*SUPPLIED DATA*:
+++++

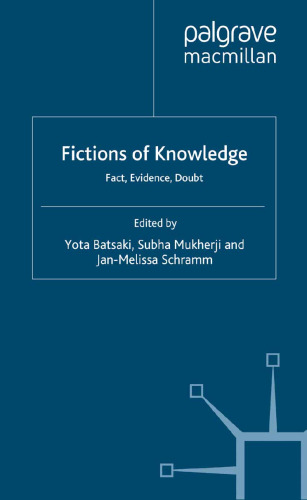 Fictions of Knowledge: Fact, Evidence, Doubt
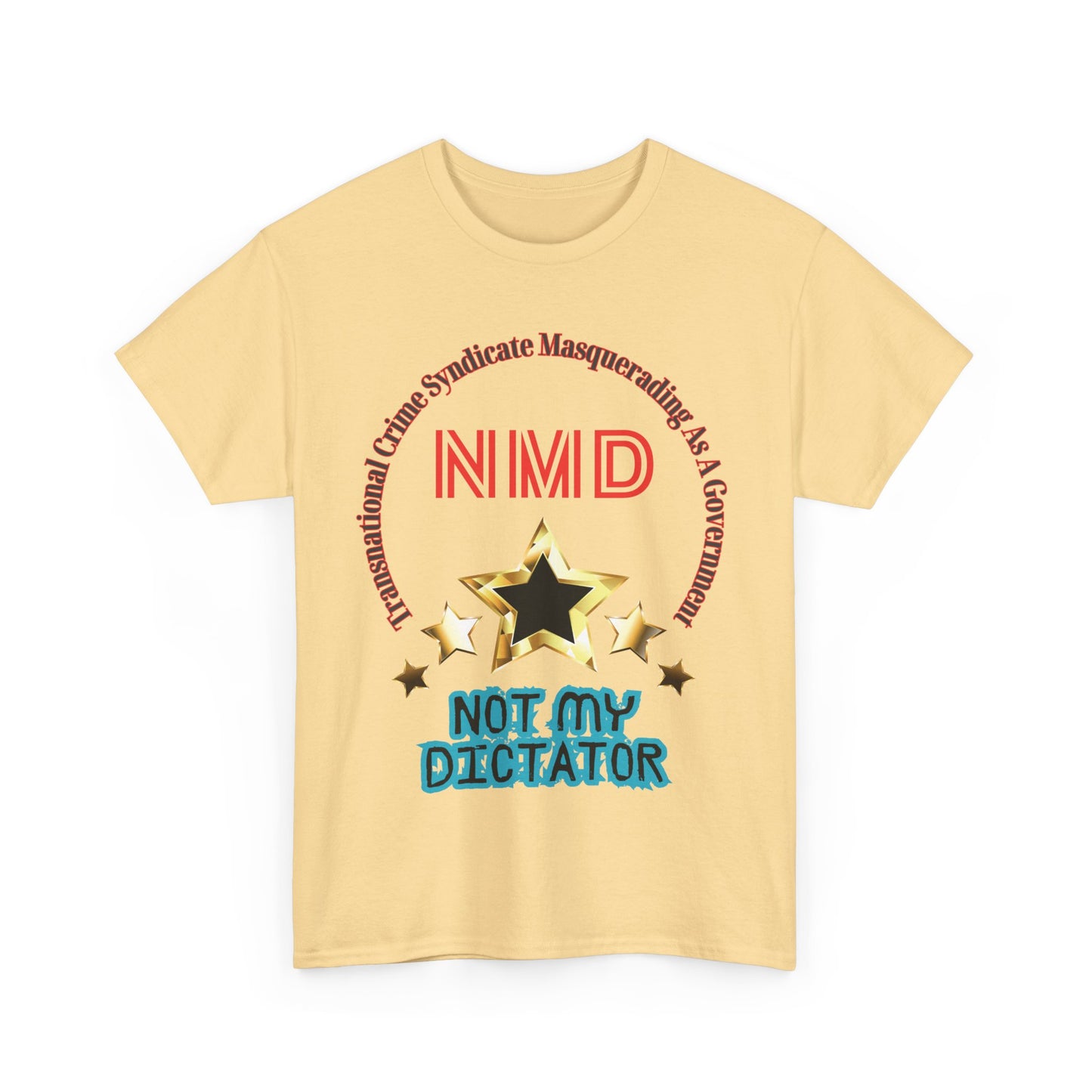 'Not My Dictator' Heavy Cotton Tee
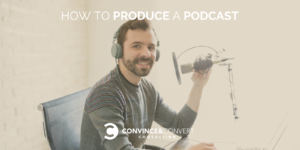 Read more about the article How to Produce a Podcast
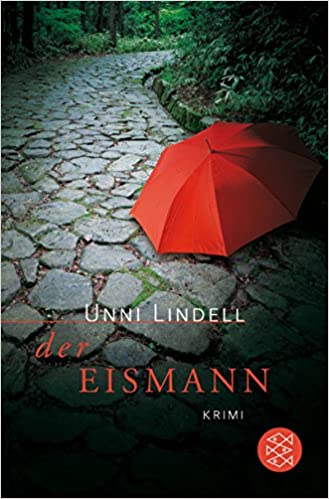 Der Eismann von Unni Lindell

+++++

*TASK REQUIREMENTS*:
Your task is to repeat the listing exactly while omitting its pictures.

*YOUR SOLUTION*:
 Fictions of Knowledge: Fact, Evidence, Doubt
 'Not My Dictator' Heavy Cotton Tee
 Read more about the article How to Produce a Podcast
 Der Eismann von Unni Lindell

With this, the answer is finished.